[zfs-discuss] zfs io stats

Richard Elling richard.elling at richardelling.com
Mon Dec 3 00:53:11 EST 2018

> On Dec 2, 2018, at 3:30 PM, Chris Siebenmann <cks at cs.toronto.edu> wrote:
> I wrote:
>> Is there any way to pull out the average wait and run times for pool
>> IOs? It feels like there probably is, but I can't think clearly enough
>> to spot how to compute it.
> Having thought about this more, I believe that there is.
> Here is the derivation, so people can tell me if I got something wrong
> or overlooked something.
> In general, if we have a utilization time, the average
> queue size, and the number of requests, the average request time is[*]:
> 	util / (nrequests / aveq)
> or, simplified:
> 	(util * aveq) / nrequests
> For ZFS pool kstats, nrequests is (reads+writes). 'util' is rtime or
> wtime, depending on run or wait.  The average queue size is 'rlentime /
> rtime' (and similarly for wait), which means that this simplifies down
> to:
> 	(rlentime) / (reads+writes)
> 	(wlentime) / (reads+writes)
> or the total sum, which is really the interesting number:
> 	(rlentime + wlentime) / (reads+writes)

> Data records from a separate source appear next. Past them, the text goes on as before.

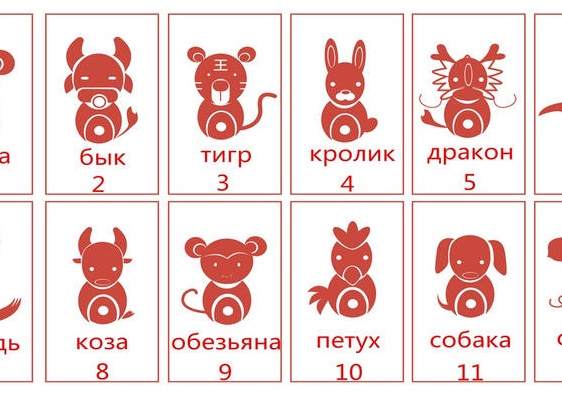 Астрология и нумерология по дате рождения для начинающих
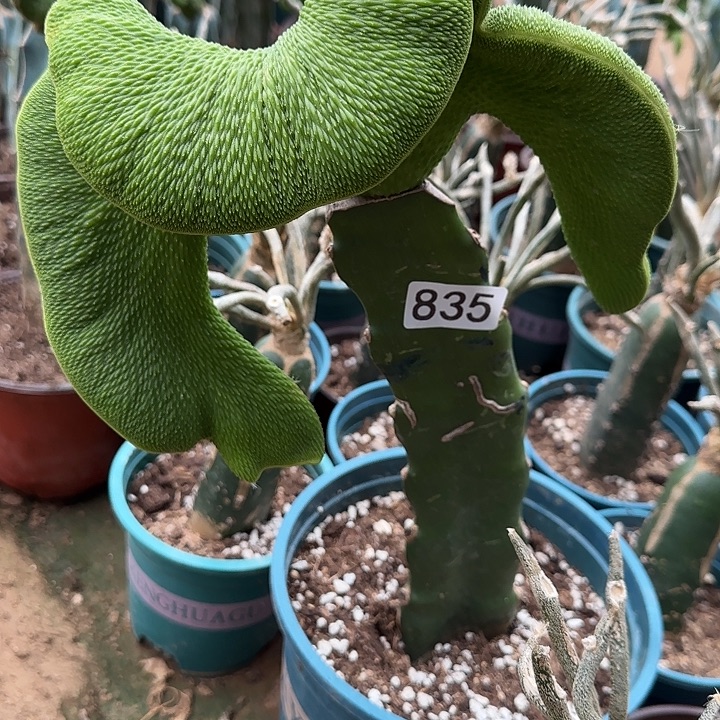姐***闹无花朵嫁接青蛇缀835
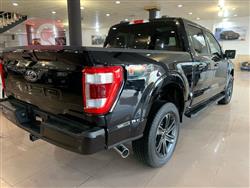 فۆرد F-150
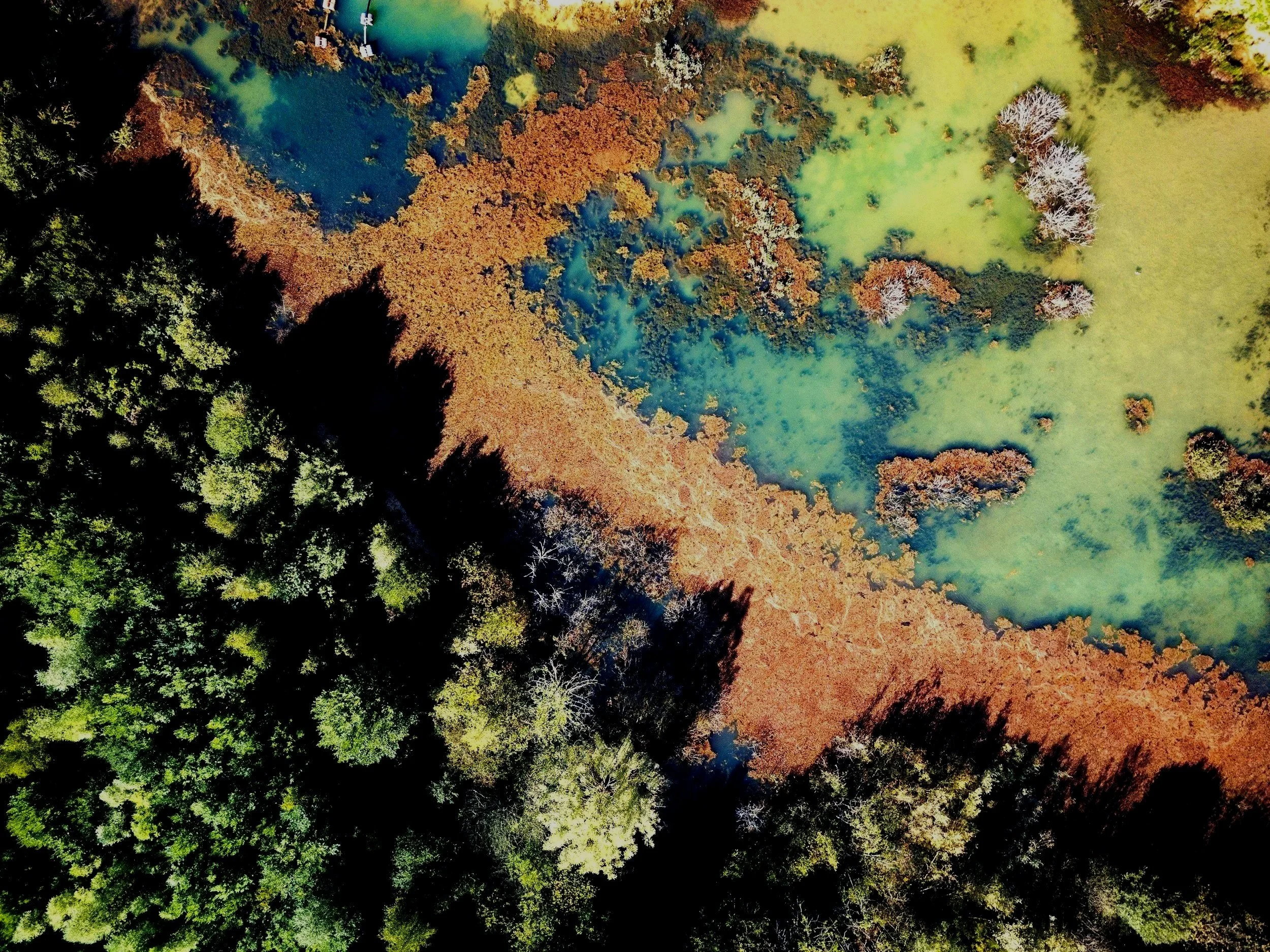 An aerial view of a wetland with trees, water, and grassy areas during autumn.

In general, yes. But the overall is actually not as useful as for identifying
bottlenecks as the detail. There is some open research work needed to 
understand how the ZIO scheduler is tuned or tunable. Also, for disks
there are multiple queues in the data path and congestion is not easily 

> This appears to generate plausible numbers when I graph it in Prometheus
> while putting test loads on a scratch pool.


> 	- cks
> [*: If the disk is in use for a second and over that second we had
>    10 requests that were issued back to back for a queue depth of 1,
>    clearly each request took 1/10th of a second to complete (on average,
>    etc). If we had 20 requests with a queue depth of one, each request
>    must have taken 1/20th of a second. If we had 20 requests with a queue
>    depth of 2, they each must have taken 1/10th of a second to complete.
>    Or at least this sounds convincing to me.
> ]

Except modern disks are not m/m/1 queues, so you can forget all of that 
thinking. For example, an SSD that can do a rate of 750,000 IOPS can also
have a minimum response time of 100usec.